C’est pour mieux comprendre le rôle de l’AMOA dans la création de valeur autour des projets EPM que nous avons interviewé Bruno Puech, Directeur conseil et AMOA chez Smarthys. Bruno a commencé sa carrière au Crédit Agricole au sein du contrôle de gestion central où il a acquis une double compétence finance et technique qui lui a permis de proposer des solutions répondant parfaitement aux besoins métier. En intervenant auprès de différentes filiales pour améliorer leurs processus de contrôle de gestion, Bruno a évolué naturellement vers le métier du conseil et réalisé par la suite de nombreuses missions pour HSBC, Acadomia, Natixis, France Boissons, Grand Frais et Carrefour où il a rencontré les équipes Smarthys.
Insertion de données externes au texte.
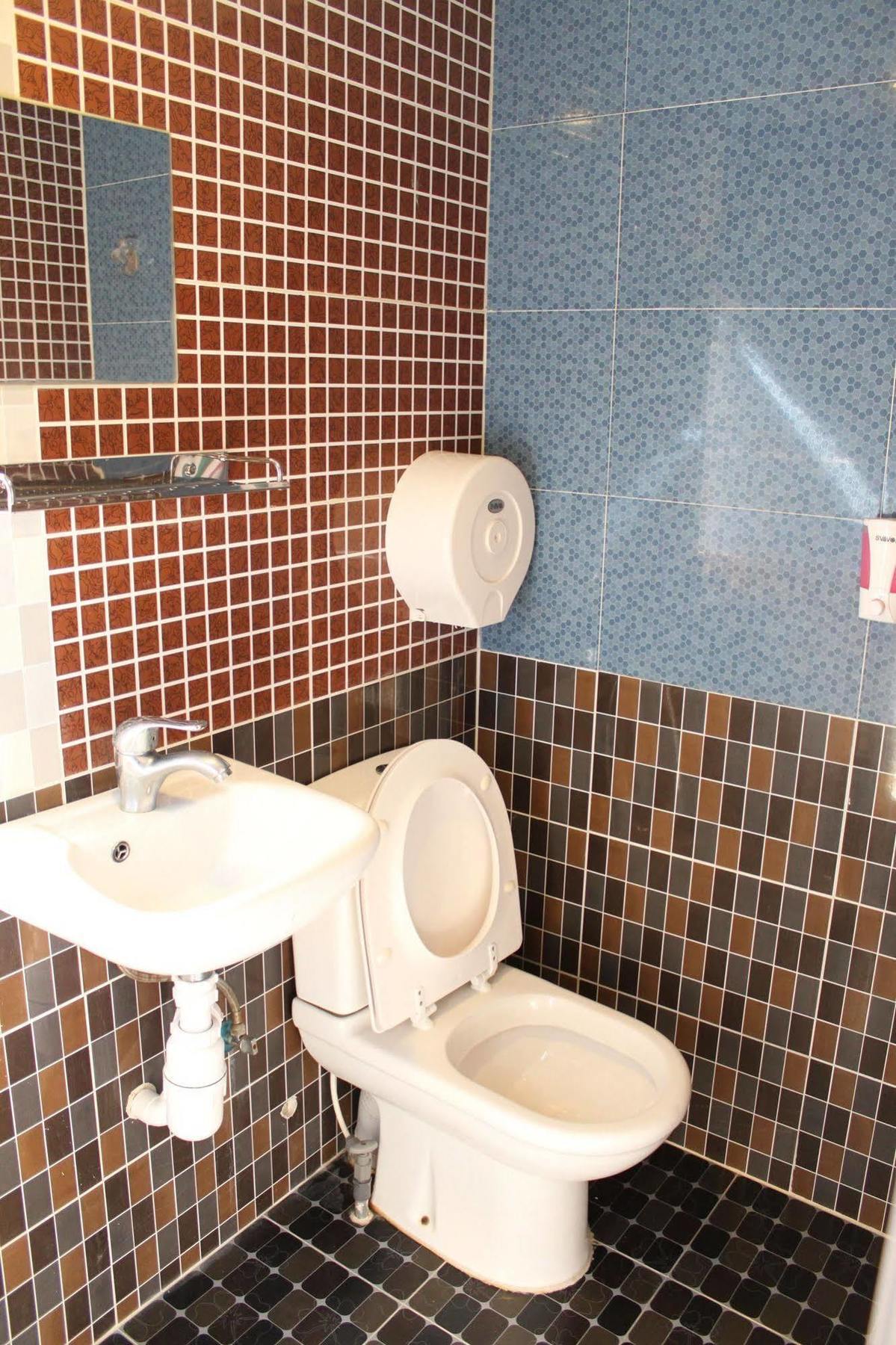 Hong Kong Hostel *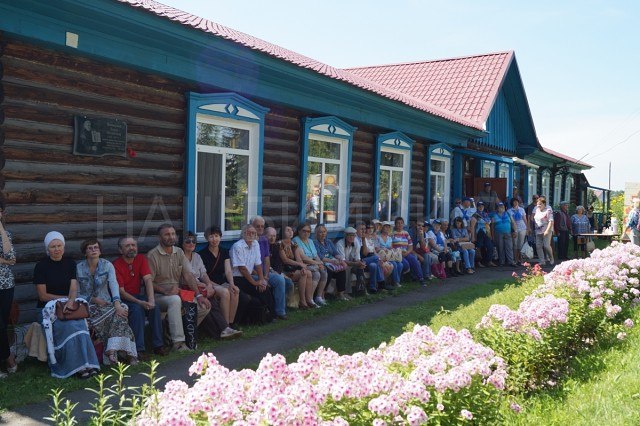 «Люди милые, здравствуйте!».-эти слова Василия Макаровича Шукшина уже несколько десятилетий служат ... - 2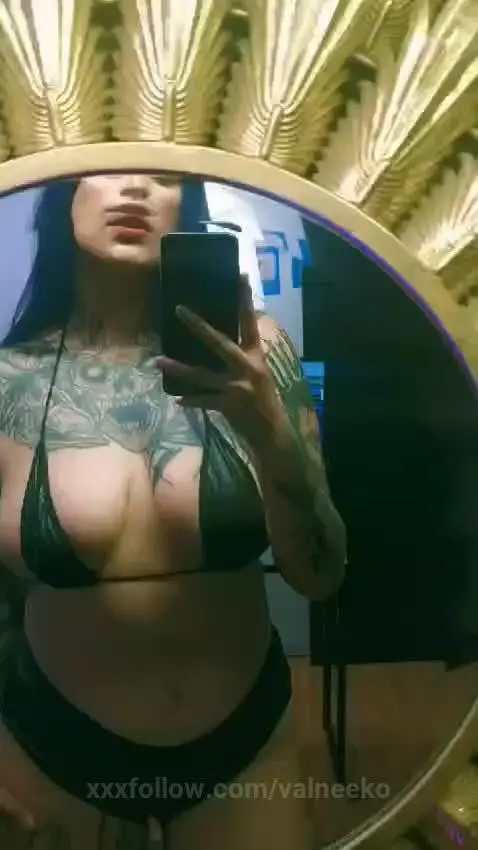 come look at these bare breasts 👀 by valneeko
« J’ai tout de suite partagé la vision de Smarthys sur l’importance de la double compétence métier et technique. J’ai toujours été convaincu que le conseil doit intégrer toutes les implications techniques pour être vraiment performant. C’est ce que la technique permet de faire pour améliorer les processus métier qui est réellement intéressant. C’est pourquoi j’ai décidé de rejoindre Smarthys en janvier 2023 pour contribuer au développement du pôle Conseil et AMOA… »

Pouvez-vous nous partager un exemple de projet sur lequel vous avez contribué à transformer la direction financière ?

Oui, je peux citer l’exemple d’un distributeur à destination des professionnels du secteur Hôtellerie-Restauration dont les processus d’élaboration budgétaire doivent tenir compte de nombreux facteurs environnants pouvant influer sur la performance finale (prévisions climatiques, évènements sportifs, professionnels, etc.). Nous avons pris le temps de bien analyser la manière de travailler, les liens avec les équipes en région qui permettaient d’adapter les hypothèses, et nous avons fait évoluer les processus conjointement avec le contrôle de gestion Corporate qui était encore majoritairement sur Excel.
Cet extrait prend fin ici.